--- What the exercise asks ---
Exactly the lines from the one holding "You might be" through the end of the material below must be printed, nothing more, and the pictures must be dropped.
= = = = = = =
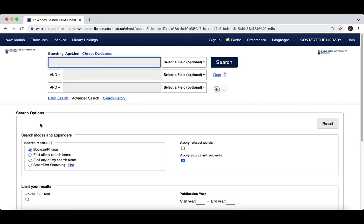The default screen is the advanced search page, which is where you should always begin your search. There is also a basic search option here, but since it does not include many of the helpful features and functions of the advanced search that make your searching more effective, we do not recommend it.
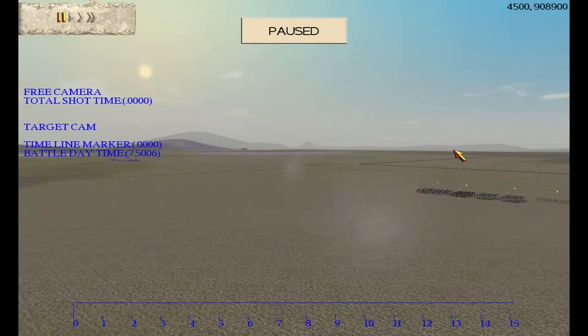I'll catch you later. See you — Sea Witch Piper.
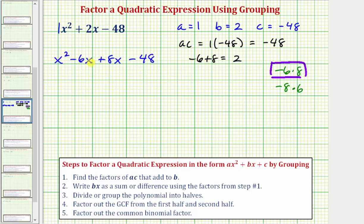You might be asking: would it be okay to write this as x squared plus eight x minus six x minus 48? The answer is yes. Either works because if we combine the like terms, we still have two x. Step three: we want to divide or group the polynomial into halves. Because we have four terms, the first group or first half would be the first two terms, and the second group or second half would be the last two terms.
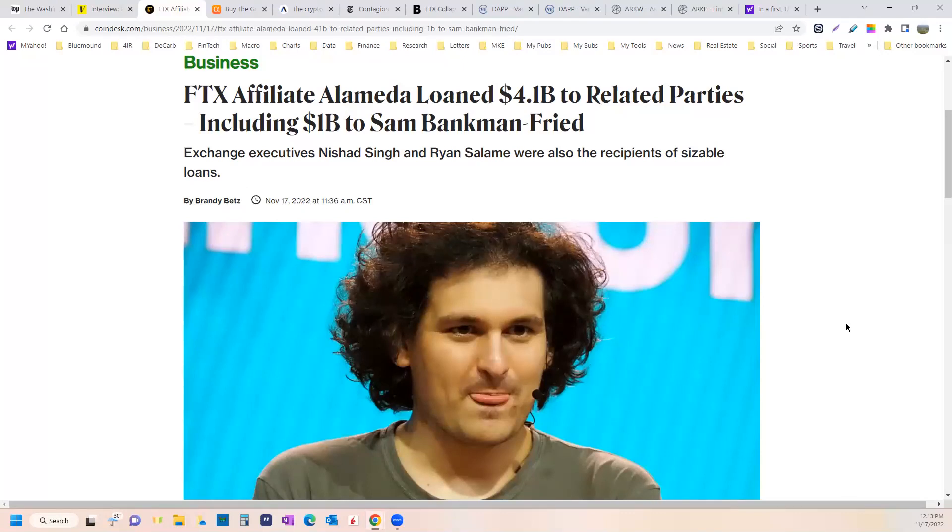He facilitated crooks. He conned other crooks, which is kind of interesting. And he wrapped it all up in, I'm going to try to do things that are good for the world. It's just so convoluted. It's off the charts to me.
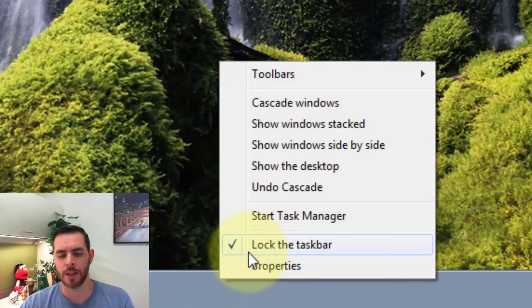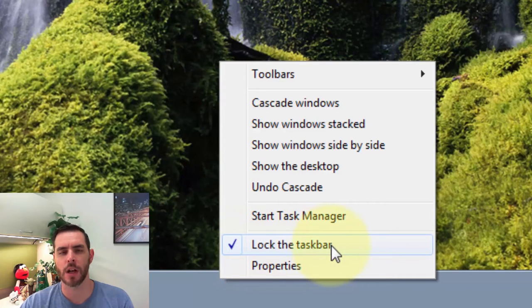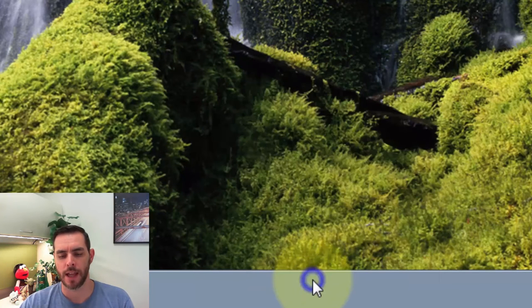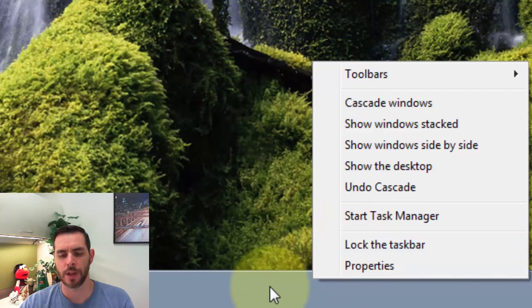Find an empty space on the taskbar and right click on it. And if the check mark is next to lock the taskbar, go ahead and click on that. And that'll unlock your taskbar.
= = = = = = =
--- Response to this exercise ---
You might be asking: would it be okay to write this as x squared plus eight x minus six x minus 48? The answer is yes. Either works because if we combine the like terms, we still have two x. Step three: we want to divide or group the polynomial into halves. Because we have four terms, the first group or first half would be the first two terms, and the second group or second half would be the last two terms.
He facilitated crooks. He conned other crooks, which is kind of interesting. And he wrapped it all up in, I'm going to try to do things that are good for the world. It's just so convoluted. It's off the charts to me.
Find an empty space on the taskbar and right click on it. And if the check mark is next to lock the taskbar, go ahead and click on that. And that'll unlock your taskbar.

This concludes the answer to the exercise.